30 agosto 2016. Sono passati 22 anni dall’abolizione dell’apartheid, ma poco è cambiato. Un gruppo di ragazze di colore della Pretoria Girls’ High si sente in dovere di protestare: nella loro scuola, ex istituto di eccellenza per ragazze esclusivamente bianche, le professoresse si lamentano della loro capigliatura Afro, considerata “disordinata” e “fonte di distrazione” in confronto ai capelli lisci, apparentemente più conformi alle regole dell’istituto.
La rimozione delle barriere legislative riguardanti la razza ha influito ben poco sulle enormi barriere culturali innalzatesi durante il regime dell’apartheid. Il Sudafrica, denominato anche “nazione arcobaleno” per la grande varietà culturale che ospita, si ritrova ancora oggi schiacciato dal pesante fardello di 20 anni fa. Il sistema scolastico è rimasto “biforcato”, con una visibile divisione tra scuole d’eccellenza a maggioranza bianca e scuole sovraffollate con standard qualitativamente bassi a maggioranza nera.
Secondo le statistiche, chi frequenta il primo tipo di scuola accede a lavori che permettono un guadagno annuo 40% più alto di chi invece frequenta il secondo tipo. Questo ormai datato sistema scolastico va quindi a riflettersi sul mondo del lavoro, rendendo l’emancipazione dei giovani sudafricani di colore ancora molto difficile. La società tristemente dà segno ancora oggi di non essere pronta ad una completa integrazione: sulle 11 lingue ufficiali del paese molte scuole permettono solamente l’inglese e l’afrikaans, gli episodi di razzismo sono frequenti e le cosiddette “scuole d’eccellenza” mantengono rette troppo alte per permettere alla gran parte della popolazione di accedervi.
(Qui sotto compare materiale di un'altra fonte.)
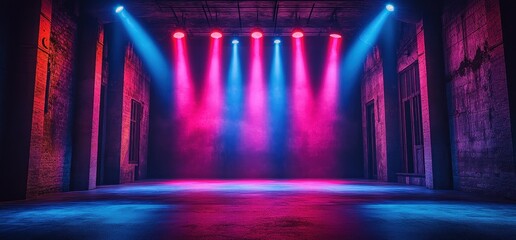 Poster - Dynamic Stage Setting with Blue and Pink Spotlights in Dark Empty Club Corridor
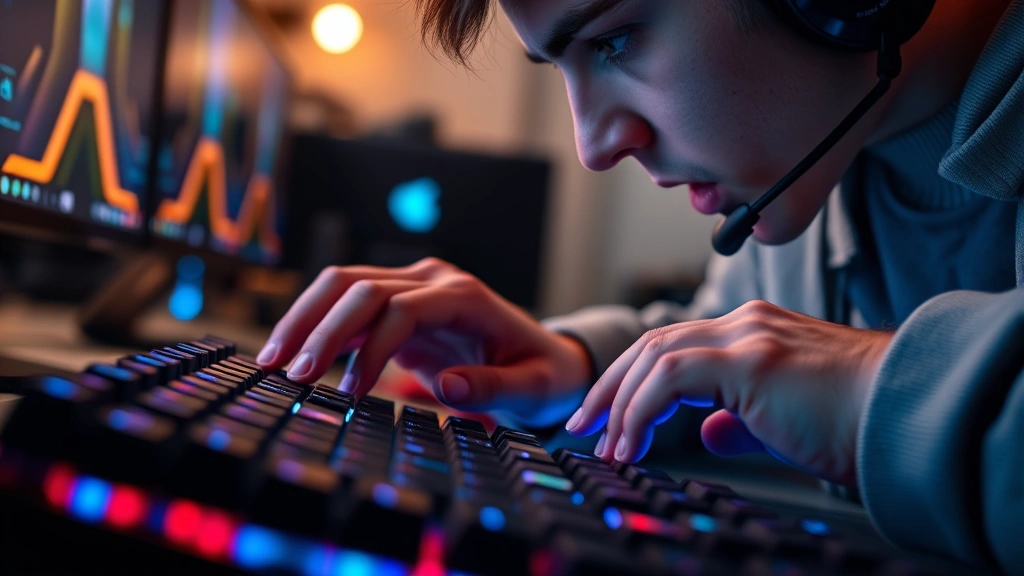 Close-up of a gamer's hands on a mechanical keyboard with RGB lighting, focused and intense expression, gaming setup with multiple monitors in soft background lighting, photorealistic detail of keyboard switches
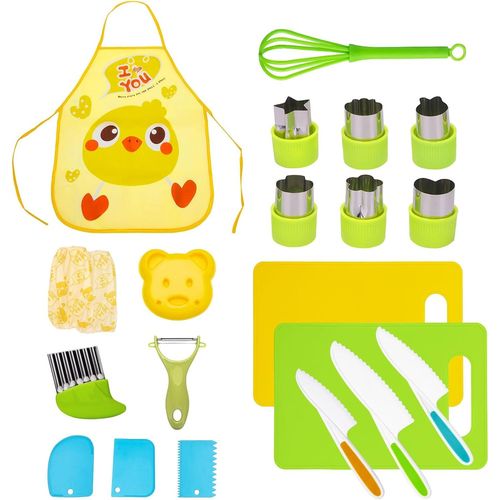 21 Kit Couteau sécurité de Cuisine pour Enfants,Couteau Montessori Enfants à partir de 3 ans,Couteaux de Cuisine pour couper des fruits ou légumes,Cadeau de Noël ou d'anniversaire parfait.[G322]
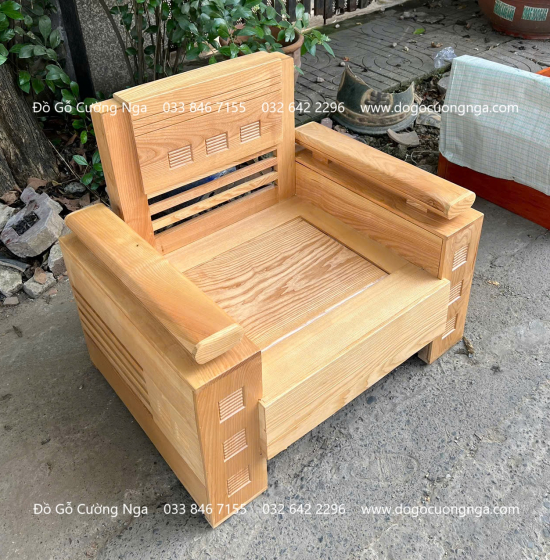 Bàn Ghế Sofa Gỗ Sồi Nga Mẫu Đối - Tay Trứng SF 70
Le città sono ancora molto divise tra quartieri bianchi e quartieri neri, visibilmente più poveri. Da quando ho iniziato la mia esperienza in Sudafrica, paese per me magnifico nonostante i grandi difetti, ho sempre vissuto in un sorta di “bolla”. La piccola cittadina dove ho scelto di passare i miei 6 mesi è una delle città più ricche e sicure della nazione. Frequento la Rhenish Girls’ High, liceo esclusivamente femminile che fa parte di quelle esclusive “scuole d’eccellenza”. Ho scoperto tuttavia che è uno dei licei che sta facendo più progressi nell’integrazione: questo mi rende molto grata. Fin dal primo giorno, a scuola come a casa, sono stata esposta a decine di culture diverse, tutte per me ugualmente interessanti: il braai Afrikaans, che consiste in un delizioso barbecue locale, la lingua iXishosa, la pappa di mais tipica delle popolazioni di colore rurali… É un paese variopinto, interessante. A Stellenbosch, cittadina di circa 86000 abitanti, non sono molti gli exchange student ad arrivare ogni anno, quindi la gentilezza e l’accoglienza nei miei confronti sono state fantastiche e sono in molti a raccontarmi interessanti storie riguardanti la condizione del paese.
Le diverse culture si fondono, si mischiano a creare un ambiente unico nel suo genere. Tutte queste culture tuttavia rendono il sentimento di appartenenza alla nazione molto debole: il Sudafrica ancora oggi non si sente una nazione, non si sente unito. Sarà difficile per questo variegato paese raggiungere un’unità e accettazione culturale, ma se il cambiamento parte dai piccoli gesti, forse accettare le capigliature afro nelle scuole sarebbe già un buon inizio.